Before I share my list of my top five concerns. I will disclose that I am a long-time user of Facebook. I check it out on a regular basis, and it’s the primary way that I keep up with some people.

  1. It has turned normal people into narcissists

    It’s sad but true. I’ve seen this in some of my friends. I believe this surfaces most in people who are craving attention. We see them post pictures of food, checking in at the grocery store, and sharing every minute detail of their personal life. Eventually, they delude themselves with the idea that others actually do care about this. Leading to an unhealthy level of narcissism.

  2.  It’s essentially putting a drug in the hands of children (and adults)

    Simon Sinek shares the concern in his well-documented interview on millennials. He describes the effects of dopamine on the brain. Dopamine is produced whenever we get those great feelings, like when someone “likes” our post. This addictive drug is the same one produced when we smoke, drink or gamble.  It’s like giving teenagers the keys to the liquor cabinet and saying “have fun”.

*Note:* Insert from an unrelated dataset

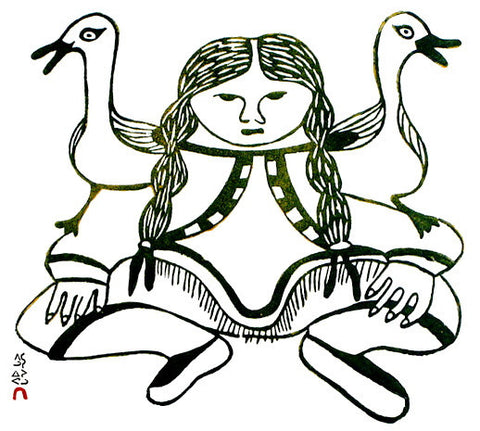 1970 GIRL WITH GULLS by Pitaloosie Saila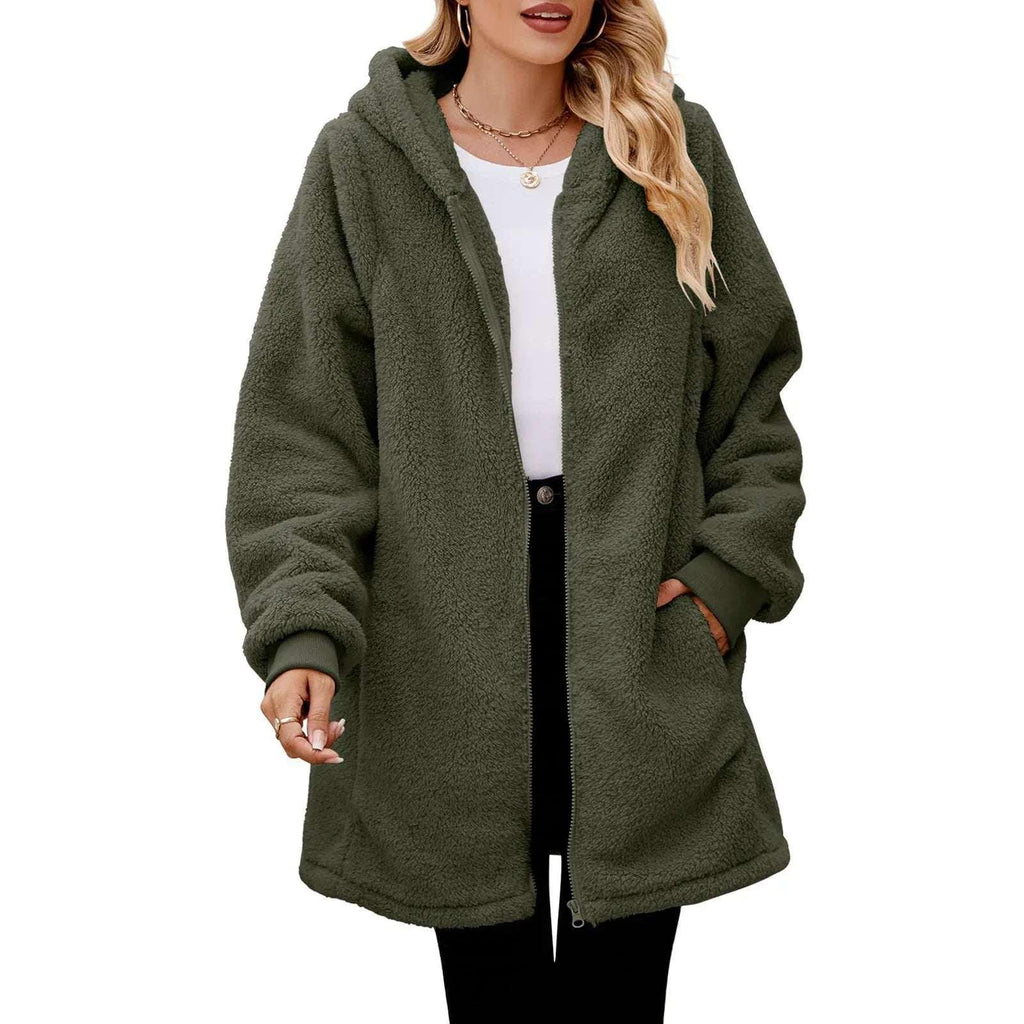 Women’s Plush Zip Hoodie Coat – Loose Long Sleeve Jacket - ZA-Zola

  3. It is eliminating the “need” for normal social interactions with those we are distantly connected

    Remember the good ole’ days? When you would get together for that high school reunion every five years or so. Or when you would go visit the church you grew up in? Or attend that annual festival in your hometown. Statistics are showing a dramatic drop in these types of events. I believe Social Media is one of the reasons. If you already know what is happening in people’s lives (based on what they say on FB), then what’s the need of getting stressed out about how you look, what you wear, who you are going to take, and all of the other stresses of reunions and similar functions.

  4. People are not representing themselves accurately, leading to problems of low self-esteem

    Granted, we all have that friend that shares their deepest, darkest problems on Facebook. But that’s not the norm. Most of us just keep things on the surface and share the highlights of our lives. That leads to the false impression that everything in our lives is exciting and perfect. And, consequently, theirs is not. This leads to low self-esteem, depression and everything else associated with that.

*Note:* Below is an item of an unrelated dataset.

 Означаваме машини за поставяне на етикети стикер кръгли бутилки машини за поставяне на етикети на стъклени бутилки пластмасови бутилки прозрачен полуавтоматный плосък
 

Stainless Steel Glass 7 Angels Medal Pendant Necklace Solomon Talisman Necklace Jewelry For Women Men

  5. We are willingly telling them (almost) everything about ourselves, and that will surely be used to manipulate us at some time.

    And, finally, to the latest concerns that have come up about Facebook. We are sharing an unbelievable amount of information about ourselves. It hasn’t been proven, but it’s very possible that Facebook and Google (and other applications) may actually be listening to our conversations unbeknownst to us. What is the purpose of all of this? No doubt, this data has great value to marketers, politicians, potential employers, government and much more. The downside of this level of exposure into our private lives is certainly something to be concerned about.

    So, what do you do?

    Social media is here. There’s nothing we can do to stop this train. And, unfortunately, the next generation of social media tools are probably going to be even more dangerous and a greater cause for concern. My advice is to be careful about what you post. Be honest, but reserved. And limit your time. Remember, real living takes place away from the keyboard.